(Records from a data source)
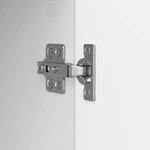 vidaXL Meuble TV 102 x 34 5 x 50 cm Blanc brillant Bois d'ingénierie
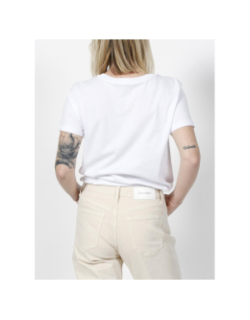 T-shirt optic blanc femme - Armani Exchange
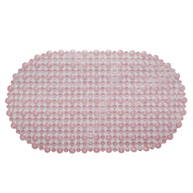Tapete de PVC com Antiderrapante para Banheiro Rosa - 49cm x 32cm | Segurança e Estilo para seu Ambiente - imagem 1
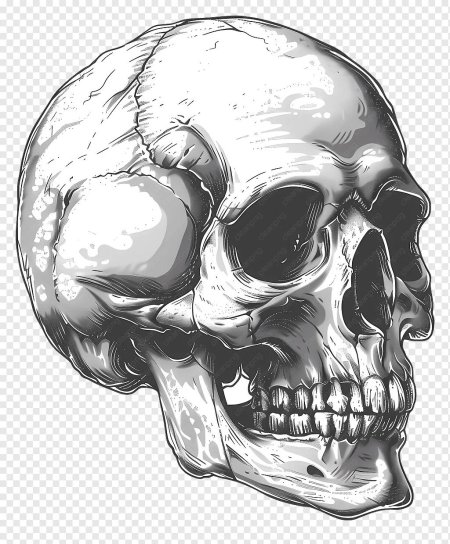 Черепа рисунки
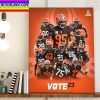 Calijah Kancey Unanimous All American The 15th In Pitt Football History Home Decor Poster Canvas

● **WHAT THE EXERCISE ASKS**
Verbatim output of the entries is required, with each image left out.

● **ANSWER BOX**
 vidaXL Meuble TV 102 x 34 5 x 50 cm Blanc brillant Bois d'ingénierie
 T-shirt optic blanc femme - Armani Exchange
Tapete de PVC com Antiderrapante para Banheiro Rosa - 49cm x 32cm | Segurança e Estilo para seu Ambiente - imagem 1
 Черепа рисунки
 Calijah Kancey Unanimous All American The 15th In Pitt Football History Home Decor Poster Canvas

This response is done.